2. L’affirmation d’une ontologie commune aux anarchistes
C’est une approche toute différente qu’adopte Daniel Colson. A partir de l’histoire et des textes anarchistes [2], il dégage un fond commun, une série d’affirmations qui font écho entre elles. Selon lui, l’anarchiste a sa propre conception du monde, et il en parle.
Il comprend la vie à partir de la pratique, de la matérialité des êtres, des choses, des situations, des événements et du projet anarchiste. Il ne sépare pas l’abstrait du réel : le fantastique, la folie, mais aussi la poésie font partie du monde.
Cette connaissance est radicalement originale. Elle repose sur deux prémisses implicites :
1. Absence de principe premier, de commencement, et donc de cause première.
2. L’être est fugitif, en changement perpétuel.
Elle rejette tout recours à la transcendance, toute méta-physique, tout premier "grand principe", Dieu, la Matière, l’Être, le Moi.
Cette position de Colson n’est pas forcément partagée par d’autres. Certains penseurs jugent que l’anarchisme est avant tout, par exemple, une philosophie politique ; d’autres le considèrent comme un choix éthique.
On peut aussi conclure que cette position exclut l’anarchisme religieux, par exemple les anarcho-catholiques aux Etats-Unis. A quoi l’on pourrait répondre que si une personne croit en un Dieu, cette croyance est une réalité qui a aussi son efficacité. Il est évident que l’histoire n’est pas guidée seulement par les événements, mais aussi par les idées vraies ou fausses que l’on se fait du monde et de son avenir. La paranoïa d’un multimilliardaire, l’anticipation erronée d’un commercial, la communion d’un soufi avec le divin, le rêve d’un Huron font partie de leur réalité, et donc aussi de celle des autres.
3. La nécessité d’une ontologie anarchiste essentielle
Hakim Bey, lui, pense au contraire qu’il faut s’écarter de l’anarchisme qui se dit tel et adopter une vraie ontologie anarchiste. Si l’ontologie est notre compréhension de la réalité, celle-ci est chaos et créativité à la fois. Les subjectivités anarchistes doivent donc s’imposer cette ontologie.

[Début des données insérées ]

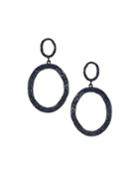 Rhinestone Oval-drop Earrings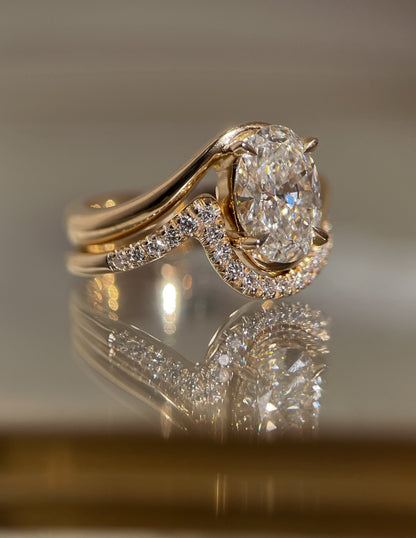 Oval Lab Grown Diamond Engagement Ring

Inspiré par la tradition ésotérique dont il a jadis rencontré quelques grandes figures, il veut confronter la subjectivité individuelle aux conceptions les plus anciennes de l’humanité.Il faut faire exploser les fondations intérieures de l’individu, son désir de dominer mais aussi le désir d’être dominé. Au contraire du rêve utopique, l’esprit utopique peut susciter ce chaos créatif. A l’écart des révolutions, qui aboutissent à une confrontation entre deux camps, chacun avec sa propre volonté hégémonique, l’anarchisme ontologique pourra prendre les multiples formes de terrorisme poétique pour saboter les archétypes de nos sociétés. Il ne s’agit plus de se placer au niveau des discours et de la rationalité, mais à celui des images et des symboles parodiques et insurrectionnels.
Conclusion
L’ontologie a ainsi suscité des attitudes fort différentes chez les anarchistes. Elles relèvent sans doute de leur époque, de leur vécu et de leur sensibilité respectives. Pourtant, au-delà des divergences, on retrouve des convergences plus profondes : le regard sur le monde accorde une place essentielle aux questions d’ordre et de chaos, d’harmonie et de transformation sociale.
Ronald Creagh
Voir : Y a-t-il une ontologie anarchiste ?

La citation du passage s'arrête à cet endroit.